I realize the analogy doesn't perfectly map. Having rare crazy beliefs is a bigger red flag than having common crazy beliefs.
Also, a religion has features that greatly appeal to people in a way country club membership does not and these features may lead people to become or remain members despite disagreeing with the religion's social policy. Plus, though I don't particularly like defending the Catholic church, they don't refuse membership to homosexuals or revoke the membership of couples who use birth control.
I tried to make the country club a version of the Catholic church that was nicer in every way. Instead of claiming you will be tortured forever if you do those things (and don't go to confession), the country club asks you to leave.
Let's say you are interviewing a candidate for a job. In casual conversation, the candidate mentions that he is a member of a rather old and prestigious country club. You've never heard the name of the club before.

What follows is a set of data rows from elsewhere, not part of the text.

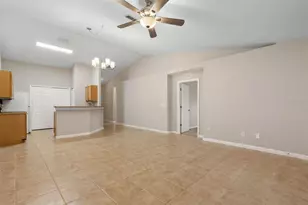 17 Louvet Ln, Palm Coast, FL 32137 - Photo 36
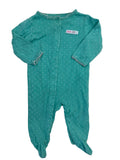 Carter's, 6m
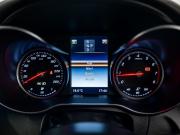 Mercedes-Benz C-Класс IV (W205) Красноярск  - изображение 36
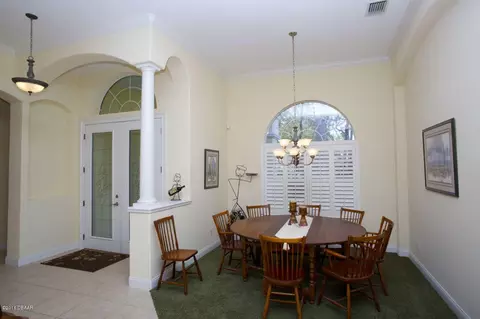 60 Foxcroft Run, Ormond Beach, FL 32174 photo 5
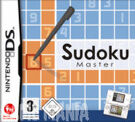 Sudoku Master product image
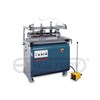 2024 Cam-Wood BR-3532X Boring Machine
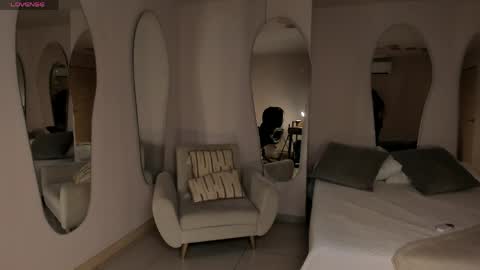 Celeste online show from 04-21-26, 11:16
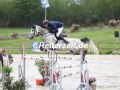 EF3A9435-Jordi-Sander-u.-Comilkora-Looperholz-2024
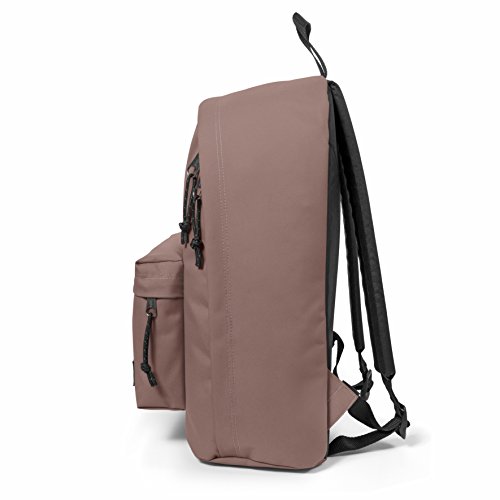 Eastpak Out Of Office Rucksack Classic Nude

You look up the country club afterwards, and are surprised by what you read. The club refuses membership to homosexuals. It revokes the membership of couples who use birth control. Leadership positions are reserved to unmarried males.
The candidate is otherwise competent. Under what conditions would you hire him? Would you want a law passed banning hiring discrimination based on country club membership?
(The country club is analogous to a nicer version of the Catholic church. I left out a couple bad things.)
Religious discrimination is illegal in many parts of the world, and I think that's probably a good thing. Still, keeping this at the object level (no meta-rules or veils of ignorance) it seems to me that discriminating against religious people is fine. I'm curious what other people think.